Vers une Syrie russe ?

En Syrie, la victoire militaire à Alep a réalisé la percée politique, tactique et stratégique que la Russie recherche dans la région depuis septembre 2014. Quinze mois après l’annonce de l’intervention militaire depuis la tribune de l’ONU, la Russie a atteint ses principaux objectifs dans le pays. Elle a ainsi organisé une « anti-guerre d’Irak » et repris pied loin de ses frontières.
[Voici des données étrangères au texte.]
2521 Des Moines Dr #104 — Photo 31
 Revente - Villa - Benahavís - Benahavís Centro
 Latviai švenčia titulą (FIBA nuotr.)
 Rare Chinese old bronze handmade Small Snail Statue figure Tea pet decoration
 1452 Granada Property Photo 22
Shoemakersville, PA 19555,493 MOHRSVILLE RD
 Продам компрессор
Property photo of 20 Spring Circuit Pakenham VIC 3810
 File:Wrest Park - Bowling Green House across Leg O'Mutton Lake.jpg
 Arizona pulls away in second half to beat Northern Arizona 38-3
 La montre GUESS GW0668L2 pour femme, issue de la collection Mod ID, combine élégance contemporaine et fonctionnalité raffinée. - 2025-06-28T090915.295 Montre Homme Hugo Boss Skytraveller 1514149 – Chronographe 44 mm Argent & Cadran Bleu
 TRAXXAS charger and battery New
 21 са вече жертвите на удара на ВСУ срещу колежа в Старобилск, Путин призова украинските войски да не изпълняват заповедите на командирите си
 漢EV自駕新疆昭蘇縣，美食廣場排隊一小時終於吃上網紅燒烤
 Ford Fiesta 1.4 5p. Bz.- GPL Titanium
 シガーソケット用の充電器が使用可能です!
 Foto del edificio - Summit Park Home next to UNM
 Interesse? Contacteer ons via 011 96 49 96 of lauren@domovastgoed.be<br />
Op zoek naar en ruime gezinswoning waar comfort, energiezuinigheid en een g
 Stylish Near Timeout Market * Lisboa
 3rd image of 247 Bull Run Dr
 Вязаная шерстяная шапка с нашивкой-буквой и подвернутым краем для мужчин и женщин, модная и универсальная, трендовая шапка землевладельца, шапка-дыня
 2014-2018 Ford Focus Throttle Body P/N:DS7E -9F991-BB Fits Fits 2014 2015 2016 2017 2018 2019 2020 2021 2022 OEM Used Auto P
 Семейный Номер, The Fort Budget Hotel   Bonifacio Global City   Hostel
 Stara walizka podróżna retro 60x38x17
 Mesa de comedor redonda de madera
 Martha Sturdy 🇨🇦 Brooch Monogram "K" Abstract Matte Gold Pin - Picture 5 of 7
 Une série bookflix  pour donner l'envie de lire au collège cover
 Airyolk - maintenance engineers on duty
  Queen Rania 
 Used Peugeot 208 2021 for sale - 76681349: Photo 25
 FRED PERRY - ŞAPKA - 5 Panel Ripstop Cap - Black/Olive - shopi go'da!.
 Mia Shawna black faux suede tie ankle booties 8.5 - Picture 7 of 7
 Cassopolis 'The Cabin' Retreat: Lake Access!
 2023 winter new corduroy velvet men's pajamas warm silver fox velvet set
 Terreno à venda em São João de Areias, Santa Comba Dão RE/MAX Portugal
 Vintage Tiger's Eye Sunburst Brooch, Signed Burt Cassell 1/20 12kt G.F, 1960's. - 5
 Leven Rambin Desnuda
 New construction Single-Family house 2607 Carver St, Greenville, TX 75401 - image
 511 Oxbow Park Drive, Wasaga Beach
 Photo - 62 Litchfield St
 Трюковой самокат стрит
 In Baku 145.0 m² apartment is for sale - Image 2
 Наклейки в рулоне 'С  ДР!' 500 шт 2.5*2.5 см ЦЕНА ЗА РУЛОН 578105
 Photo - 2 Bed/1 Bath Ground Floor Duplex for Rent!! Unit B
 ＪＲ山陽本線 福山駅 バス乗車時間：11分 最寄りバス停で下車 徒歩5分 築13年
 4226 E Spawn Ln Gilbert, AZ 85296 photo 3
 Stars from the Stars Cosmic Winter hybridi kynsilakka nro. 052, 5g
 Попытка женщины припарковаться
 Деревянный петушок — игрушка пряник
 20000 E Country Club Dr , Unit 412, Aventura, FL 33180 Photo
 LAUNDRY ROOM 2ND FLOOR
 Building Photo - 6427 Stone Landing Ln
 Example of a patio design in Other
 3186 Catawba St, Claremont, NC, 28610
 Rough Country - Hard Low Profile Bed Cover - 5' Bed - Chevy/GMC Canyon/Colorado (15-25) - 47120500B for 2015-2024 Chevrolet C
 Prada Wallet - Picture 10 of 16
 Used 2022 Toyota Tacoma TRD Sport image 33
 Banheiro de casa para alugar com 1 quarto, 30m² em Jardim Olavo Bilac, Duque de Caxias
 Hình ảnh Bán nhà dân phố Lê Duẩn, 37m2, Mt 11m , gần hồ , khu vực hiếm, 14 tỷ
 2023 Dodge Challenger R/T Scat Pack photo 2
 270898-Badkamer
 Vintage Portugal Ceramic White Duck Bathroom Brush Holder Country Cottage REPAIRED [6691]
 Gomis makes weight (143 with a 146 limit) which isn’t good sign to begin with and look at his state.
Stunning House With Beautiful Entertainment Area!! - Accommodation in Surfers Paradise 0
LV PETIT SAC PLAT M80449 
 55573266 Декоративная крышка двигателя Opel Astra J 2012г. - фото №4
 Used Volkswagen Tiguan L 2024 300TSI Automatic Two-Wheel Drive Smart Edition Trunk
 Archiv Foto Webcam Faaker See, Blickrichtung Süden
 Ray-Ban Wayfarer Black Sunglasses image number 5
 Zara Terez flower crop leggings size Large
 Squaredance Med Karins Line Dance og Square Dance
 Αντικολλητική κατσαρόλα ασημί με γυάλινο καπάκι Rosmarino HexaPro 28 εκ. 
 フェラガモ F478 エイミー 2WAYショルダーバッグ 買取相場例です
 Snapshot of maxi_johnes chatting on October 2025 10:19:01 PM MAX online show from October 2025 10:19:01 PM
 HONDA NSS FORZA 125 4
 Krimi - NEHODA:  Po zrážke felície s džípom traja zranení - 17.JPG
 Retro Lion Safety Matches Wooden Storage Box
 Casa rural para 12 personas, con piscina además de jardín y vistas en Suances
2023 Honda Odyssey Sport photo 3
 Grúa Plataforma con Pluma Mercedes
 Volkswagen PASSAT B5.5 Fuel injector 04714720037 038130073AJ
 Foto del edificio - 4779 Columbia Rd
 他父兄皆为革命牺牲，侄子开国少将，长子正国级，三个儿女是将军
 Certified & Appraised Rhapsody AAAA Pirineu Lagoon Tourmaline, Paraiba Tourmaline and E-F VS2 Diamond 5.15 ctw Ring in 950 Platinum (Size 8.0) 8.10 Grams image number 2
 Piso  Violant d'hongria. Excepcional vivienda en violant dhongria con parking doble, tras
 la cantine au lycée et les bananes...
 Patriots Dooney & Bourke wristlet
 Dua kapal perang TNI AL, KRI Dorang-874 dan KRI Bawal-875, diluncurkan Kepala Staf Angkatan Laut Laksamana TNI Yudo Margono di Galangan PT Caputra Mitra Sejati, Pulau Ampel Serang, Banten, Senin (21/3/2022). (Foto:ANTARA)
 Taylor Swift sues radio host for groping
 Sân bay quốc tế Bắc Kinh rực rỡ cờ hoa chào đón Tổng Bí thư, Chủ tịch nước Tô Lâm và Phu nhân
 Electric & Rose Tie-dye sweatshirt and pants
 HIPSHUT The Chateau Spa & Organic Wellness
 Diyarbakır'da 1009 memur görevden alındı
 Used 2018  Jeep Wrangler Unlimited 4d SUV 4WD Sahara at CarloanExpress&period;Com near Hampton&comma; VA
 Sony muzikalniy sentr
La série de succès est impressionnante : la Russie a ressuscité le régime al-Assad, son allié depuis 1970. Désormais, les négociations sur l’avenir politique du pays se feront selon le scénario russe ou du moins sur les bases proposées par la Russie. Au Moyen-Orient, l’alliance entre la Russie et l’Iran est le pôle dominant : la Turquie s’est ralliée aux positions de Moscou dans un retournement d’alliance drastique et risqué pour l’administration Erdogan : au risque de mécontenter son électorat, celui-ci s’est rapproché des chiites et a baissé la garde face à l’Iran. Les monarchies sunnites du Golfe sont sur la défensive : peu sûres de l’alliance américaine, elles sont soupçonnées d’une ambivalence coupable envers l’islamisme sunnite radical. En outre, les matériels de guerre russe (missiles Kalibr, bombardiers d’attaque Su 24M) ont bénéficié d’une forte exposition médiatique utilisée pour consolider les parts de marchés russes dans la nouvelle course aux armements au Moyen-Orient et an Asie. Enfin, les forces armées russes ont considérablement accru leur empreinte au sol, dans les airs et en mer : la base navale de Tartous se développe, la base aérienne de Hmeimim s’étend et la Méditerranée orientale est quadrillée par la flotte russe autour du porte-avion Kouznetsov. En 2016, la Russie est parvenue à se hisser au rang de puissance structurante sur le théâtre du Moyen-Orient, au prix de pertes civiles effroyables et d’un effort de guerre sans précédent.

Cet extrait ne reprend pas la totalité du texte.